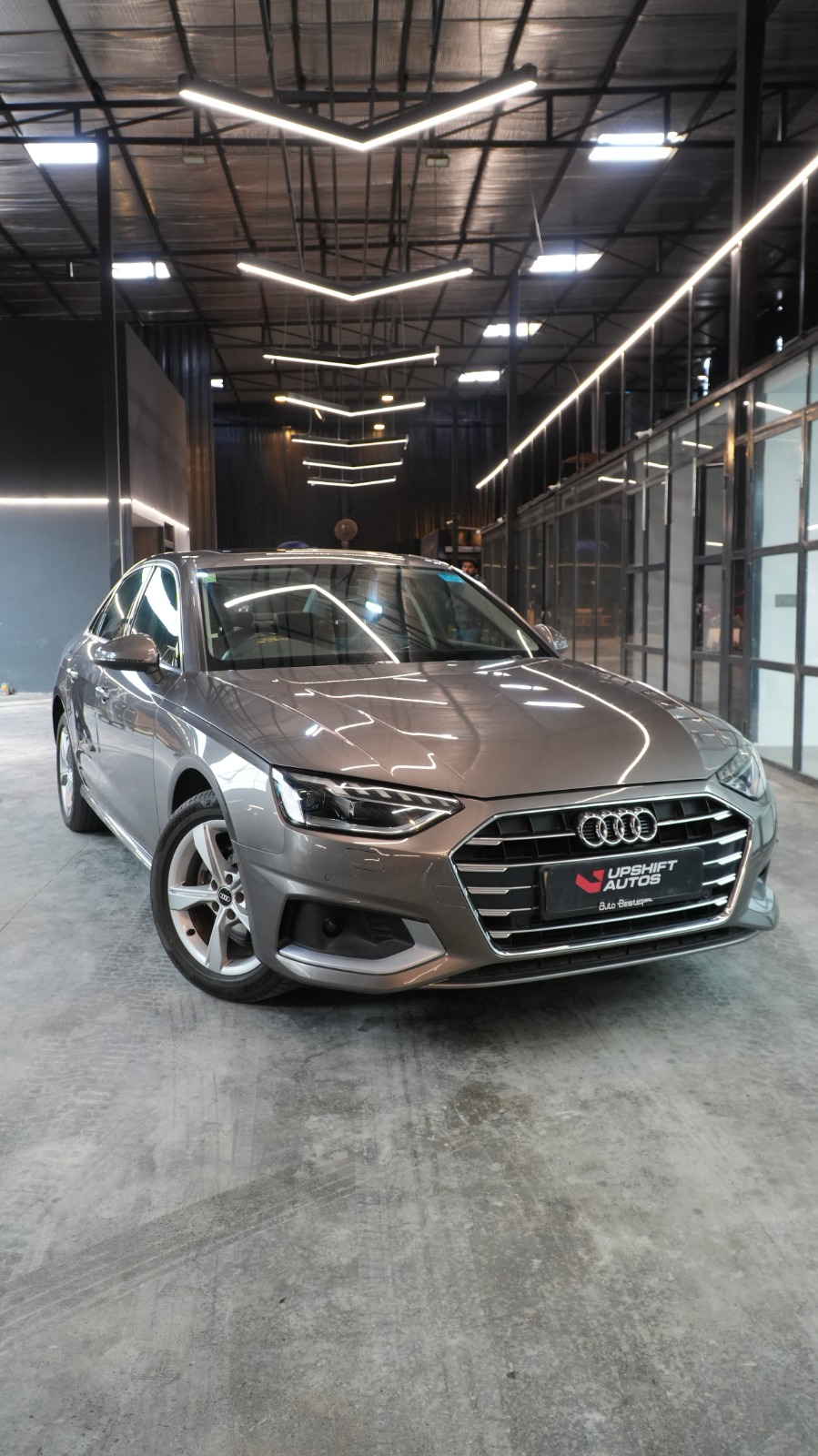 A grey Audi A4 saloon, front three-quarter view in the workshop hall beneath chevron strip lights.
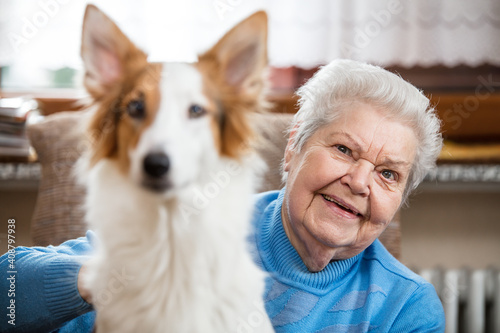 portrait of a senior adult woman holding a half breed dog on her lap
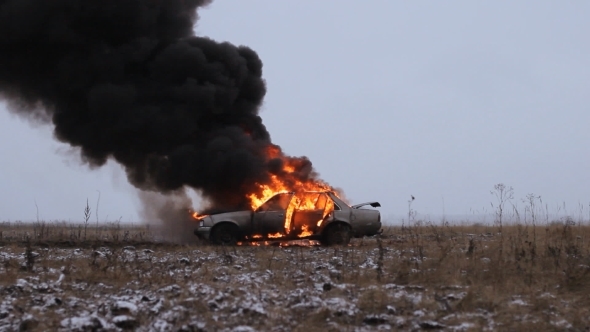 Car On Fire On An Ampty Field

----------

> [Exercise objective]
Apart from the pictures, restate all of the listing above exactly.

> [Your response]
 A grey Audi A4 saloon, front three-quarter view in the workshop hall beneath chevron strip lights.
 portrait of a senior adult woman holding a half breed dog on her lap
 Car On Fire On An Ampty Field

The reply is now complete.